Что за эксперимент был поставлен над моим разумом, душой или биохимическим статусом.
Это было, как облако – столкнувшись с солнцем, оно потемнело.
Это было как ветер, леденящий иглами снега, или как ветер с пылью вместо воздуха – пока он дул, дышать не получалось.
Это была попытка нырнуть глубже, чем на 40 метров, а после слишком быстрый подъем. Пузыри воздуха вылупились из крови, забили сосуды, и голова больше не думала, а ноги перестали ходить.
Или это было как яма, в которую падаешь, оступившись, на самое дно. Вокруг темно, стен нет, а наверху – звезда на голубом, и не выбраться.

В юности он терзался мыслями о собственном уродстве, потом привык. А однажды с удивлением узнал, что им любовались, и девочки были в него тайно влюблены. Он рассказывал об этом с восторгом, а я услышала то, в чём сомневаться не было смысла. Он относился к тем чувствительным натурам, которые демонстрируют заниженную самооценку. Зато другие в ответ должны протестовать, доказывая обратное. Такая особая радость – получить удовольствие оттого, что разубеждают в том, в чём и сам не убежден.
Оказалось, что меня можно обижать. Я и не догадывалась.
– Ну, ты там чего, дуешься?
– Переживаю. Читаю твою Нарбикову. Она, наверное, Павича начиталась. У неё там что-то с эмоциями неправильно. У него – изящно, сплошные мысли.
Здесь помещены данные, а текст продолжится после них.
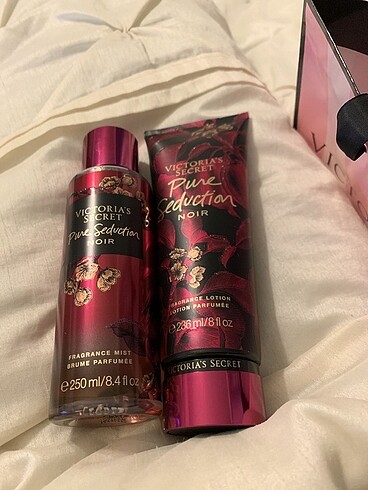 EN YOĞUN ESANSLI VICTORIA SECRET PURE SEDUCTION NOIR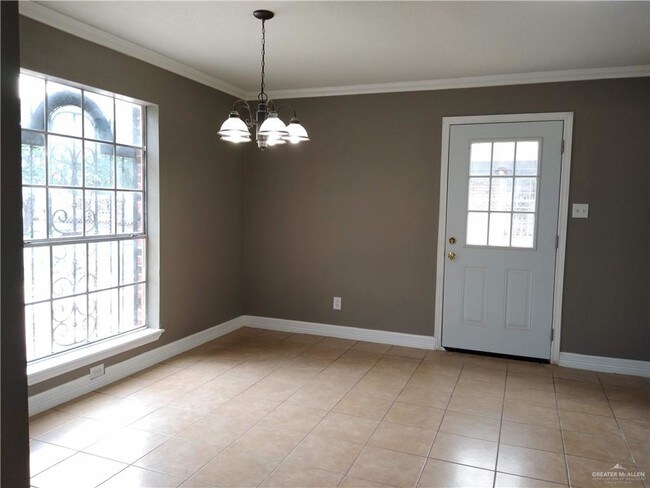 Building Photo - 710 W Starr Ave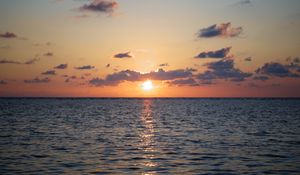 Preview wallpaper sunset, sea, waves, sun, clouds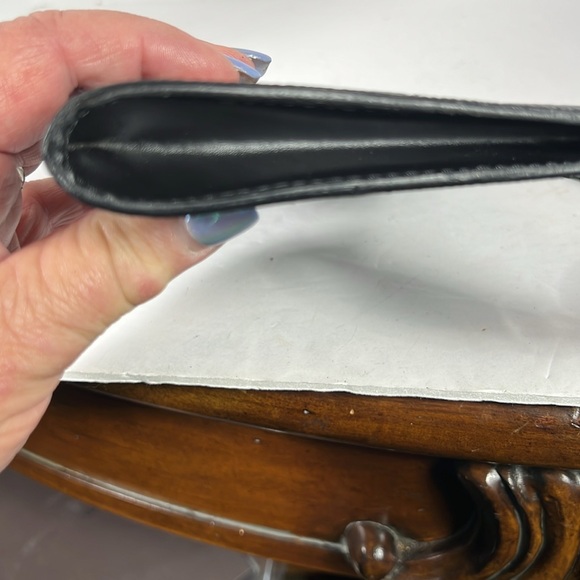 Louis Vuitton Epi leather pochette black. Very good condition - Picture 5 of 10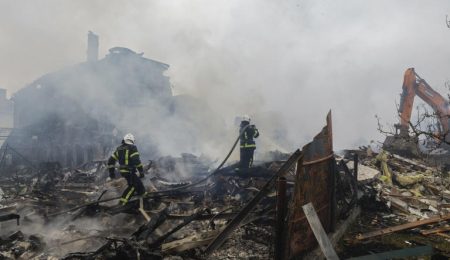 Russia Launches One of Its Largest Aerial Assaults on Ukraine, Killing Four in Kyiv russia-launches-one-of-its-largest-aerial-assaults-on-ukraine,-killing-four-in-kyiv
Её нужно читать, не думая, его – нельзя.
– Я тебя обидел, потом ещё раз.
– Уже нет,  – врала я, – или обида сама куда-то подевалась.
– Что у меня есть такого, что у вас есть? – как-то спросил он. Я промолчала. До сих пор думаю, имел ли он в виду свою необычность или, напротив, обыкновенность.
– Я боюсь тебя, ты можешь чего-то потребовать, – когда-то выложил он мысль.
– Не бойся, – сказала я, – потребовать не могу. Если хочешь, можешь поделиться. Но он не мог. Он не мог поделиться тем, чего, мне, действительно, не хватало. В нем не было любви, которая мне только и была нужна.